Harold Cash, who rode bareback on the rodeo circuit, is considered a rodeo icon and is in the National Multicultural Western Heritage Museum’s Hall of Fame. Photo by Jennifer Reynolds
Hall of Famer doesn’t take his career or legacy lightly
Harold Cash’s living room is a shrine to rodeo life.
Tucked in a corner of the room is a display piled high with mementos from his time as a bareback rider. There are trophies, belt buckles, rodeo passes, framed newspaper clippings and photos of his friends and family in the rodeo community.
Cash, 69, is a Texas City resident and a graduate of Lincoln High School in La Marque. He was the American Rodeo Association’s champion bareback rider in 1979 and 1981. He retired from the rodeo ring in 1996, but is still involved in the rodeo community. Each year, he travels to Las Vegas for the National Finals Rodeo, and puts on his own rodeo each May in Raywood, Texas.
Cash didn’t come from a rodeo family. He learned to ride while spending summers at his grandfather’s farm in Kendleton, a town in Fort Bend County with fewer than 400 people.

A corner of Harold Cash’s living room is dedicated to his rodeo days. Photo by Jennifer Reynolds
He got on his first horse — a bronco named The Brown Bomber — when someone told him that his long legs would make him a good rider. He got thrown almost immediately, he said.
“I got thrown as hard as I’ve ever been thrown,” he said.
It took him three months before he was ready to get back on a horse. He rode The Brown Bomber again, and stayed on that time. Success didn’t exactly come fast after that. Cash only won $20 total during his first rodeo season. But the modest start eventually blossomed into a successful career.
Cash rode for a decade before he got a shot at a bareback riding title.
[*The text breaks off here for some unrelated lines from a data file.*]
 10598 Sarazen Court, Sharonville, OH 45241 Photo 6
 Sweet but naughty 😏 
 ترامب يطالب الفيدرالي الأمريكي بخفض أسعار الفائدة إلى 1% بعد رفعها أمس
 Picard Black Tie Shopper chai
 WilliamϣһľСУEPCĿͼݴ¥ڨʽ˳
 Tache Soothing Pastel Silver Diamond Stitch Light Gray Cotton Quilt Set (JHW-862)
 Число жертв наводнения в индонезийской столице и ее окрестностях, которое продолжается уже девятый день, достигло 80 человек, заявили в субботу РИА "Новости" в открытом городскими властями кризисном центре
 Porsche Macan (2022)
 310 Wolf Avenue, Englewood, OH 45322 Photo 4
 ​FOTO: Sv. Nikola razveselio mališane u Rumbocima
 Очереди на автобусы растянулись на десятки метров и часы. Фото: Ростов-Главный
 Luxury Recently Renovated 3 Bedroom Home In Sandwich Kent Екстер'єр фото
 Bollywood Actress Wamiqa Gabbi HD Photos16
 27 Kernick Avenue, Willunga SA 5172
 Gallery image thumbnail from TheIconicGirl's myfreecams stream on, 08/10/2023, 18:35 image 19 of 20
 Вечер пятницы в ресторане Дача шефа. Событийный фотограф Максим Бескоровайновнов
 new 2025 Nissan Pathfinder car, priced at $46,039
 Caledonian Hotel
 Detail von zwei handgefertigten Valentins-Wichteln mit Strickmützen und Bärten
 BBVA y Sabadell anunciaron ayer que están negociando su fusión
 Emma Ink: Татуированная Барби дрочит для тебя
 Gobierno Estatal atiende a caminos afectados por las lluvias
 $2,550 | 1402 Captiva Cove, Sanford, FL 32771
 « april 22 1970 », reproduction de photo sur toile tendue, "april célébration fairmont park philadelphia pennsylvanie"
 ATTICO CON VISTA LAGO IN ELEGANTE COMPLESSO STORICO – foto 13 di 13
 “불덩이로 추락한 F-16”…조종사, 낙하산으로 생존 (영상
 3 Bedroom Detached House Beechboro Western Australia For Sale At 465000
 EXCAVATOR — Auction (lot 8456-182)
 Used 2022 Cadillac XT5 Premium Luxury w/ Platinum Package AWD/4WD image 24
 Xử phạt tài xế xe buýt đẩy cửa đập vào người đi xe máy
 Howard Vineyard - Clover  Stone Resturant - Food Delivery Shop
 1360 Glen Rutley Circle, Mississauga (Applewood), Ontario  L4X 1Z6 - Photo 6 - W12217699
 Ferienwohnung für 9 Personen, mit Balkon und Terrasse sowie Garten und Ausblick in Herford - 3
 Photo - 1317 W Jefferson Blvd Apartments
In 1979, he rode atop a horse named Playboy at a rodeo in Washington, D.C. The horse had never had a rider go eight seconds before Cash got on him. The momentum from that ride helped send him to the title.

Photos show Harold Cash competing in the bareback event in the 1970s. Photo by Jennifer Reynolds
He would reclaim the belt buckle in 1981 and insists he would have won in 1980 if he hadn’t fallen from a horse and broken his leg.
Cash’s body is a testament to his long career. He has broken his legs and his hands and has scars from a bull horn. Although his specialty was broncos, Cash said he would reluctantly ride bulls during competitions so he would have a shot at placing in the money.
Rodeo took Cash around the country and, while it didn’t make him rich — in fact, he said he almost “starved to death” while trying to be a professional rodeo cowboy — it helped him pay for college at Prairie View A&M University, he said.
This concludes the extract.